I don't personally feel that, during the weeks or months that a person was being dosed with the drug, that some of the PC cells managed to evolve some new defense system to the drug. It seems more likely to me that they already existed in small numbers among their Bros, who may have been greater in number because they had some other growth advantage over their Bros, but did not have what it takes to resist that drug. But now, once they start growing with no competition from the recently deceased, what are you going to do?
Wait for a new drug, or hope your immune system can handle them. Because we have been engaging in selective breeding for the PC cells which are present and already resistant to the drug. ( I am sort of wishing that one day some of my PC cells would "evolve" into a healthy PC cell, but that never seems to happen)
And yes, I know most will disagree with me about
most of what I just said. But whether or not one believes evolution is a scientific fact, it is for sure a scientific fact that we often selectively breed for bugs and probably cells which are already resistant to the treatment.
(unless maybe the treatment is surgical removal, AND you don't miss any of the PC cells, a tricky prospect) In the following explanation, notice that every process described is something that already existed, even if it existed in other bacteria:https://science.howstuffworks.com/environmental/life/cellular-microscopic/question561.htm
"How do bacteria pick up these drug-fighting habits? In some cases, they don't. Some bacteria are simply making use of their own inherent capabilities.
However, there are many bacteria that didn't start out resistant to a particular antibiotic. Bacteria can acquire resistance by getting a copy of a gene encoding an altered protein or an enzyme like beta lactamase from other bacteria
, even from those of a different species. There are a number of ways to get a resistance gene:
During transformation - in this process, akin to bacterial sex, microbes can join together and transfer DNA to each other.
On a small, circular, extrachromosomal piece of DNA, called a plasmid - one plasmid can encode resistance to many different antibiotics.

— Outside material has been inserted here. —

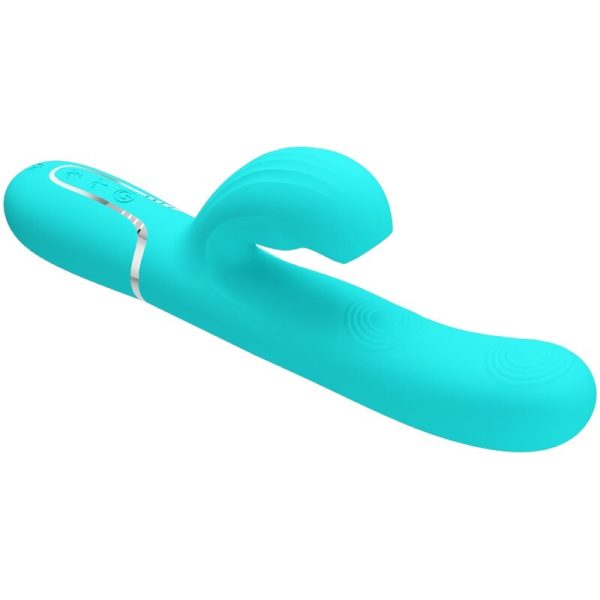 VIBRADOR PERLITA 3 EM 1 (VERDE) 5 VIBRADOR PERLITA 3 EM 1 (VERDE)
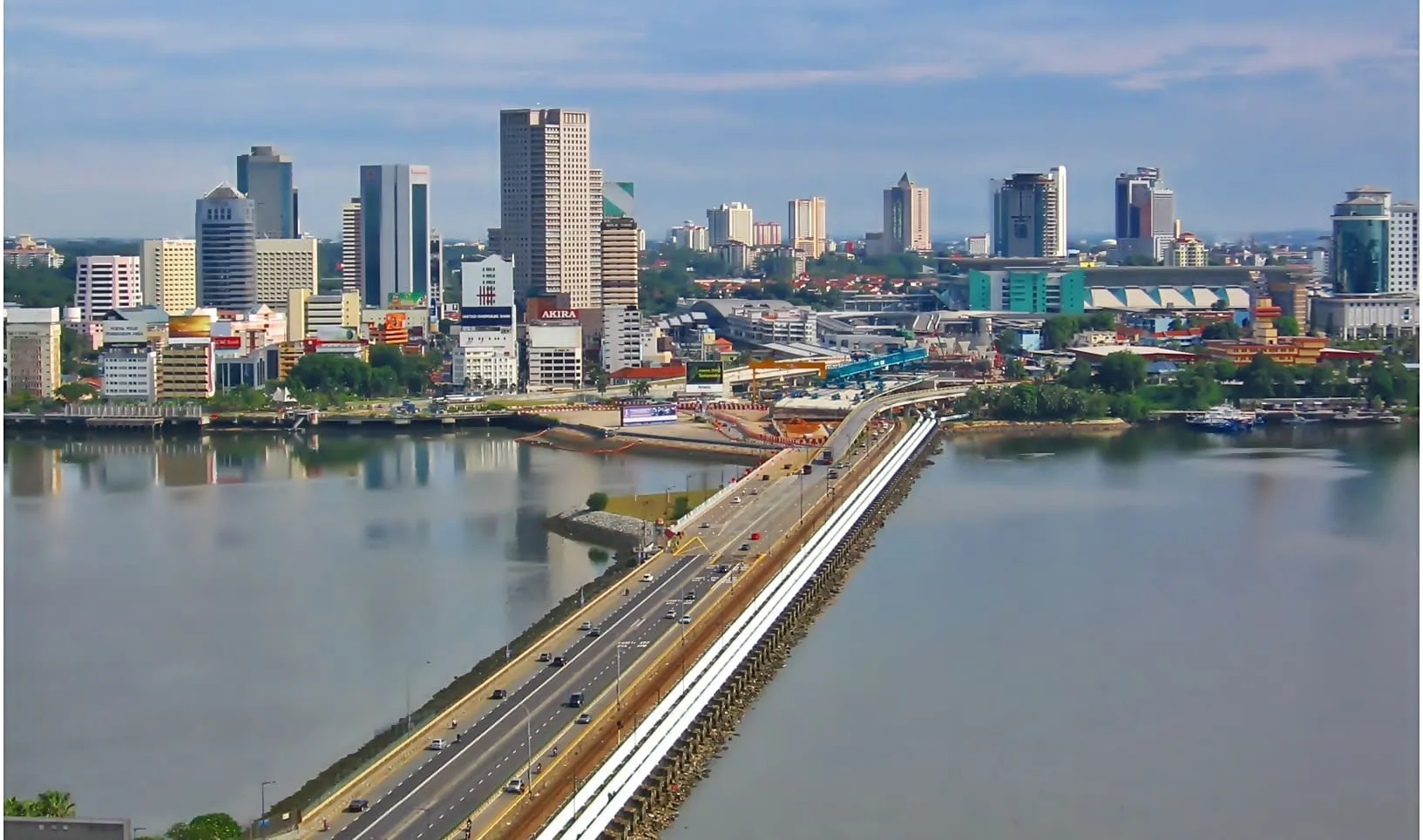 The Johor–Singapore causeway at the heart of the Special Economic Zone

Through a transposon - transposons are "jumping genes," small pieces of DNA that can hop from DNA molecule to DNA molecule. Once in a chromosome or plasmid, they can be integrated stably.
By scavenging DNA remnants from degraded, dead bacteria.
Unfortunately, if a bacterium gets a resistance gene stuck into its chromosomal DNA or picks one up in a free-floating plasmid, all of its progeny will inherit the gene and the resistance it confers. Why do resistance genes persist and spread throughout bacterial populations? It's basically just Darwin's idea of the survival of the fittest, reduced to a microscopic level -- bacteria with these genes survive and outgrow susceptible variants. And our own less than judicious use of antibiotics actually selects for these resistant types!".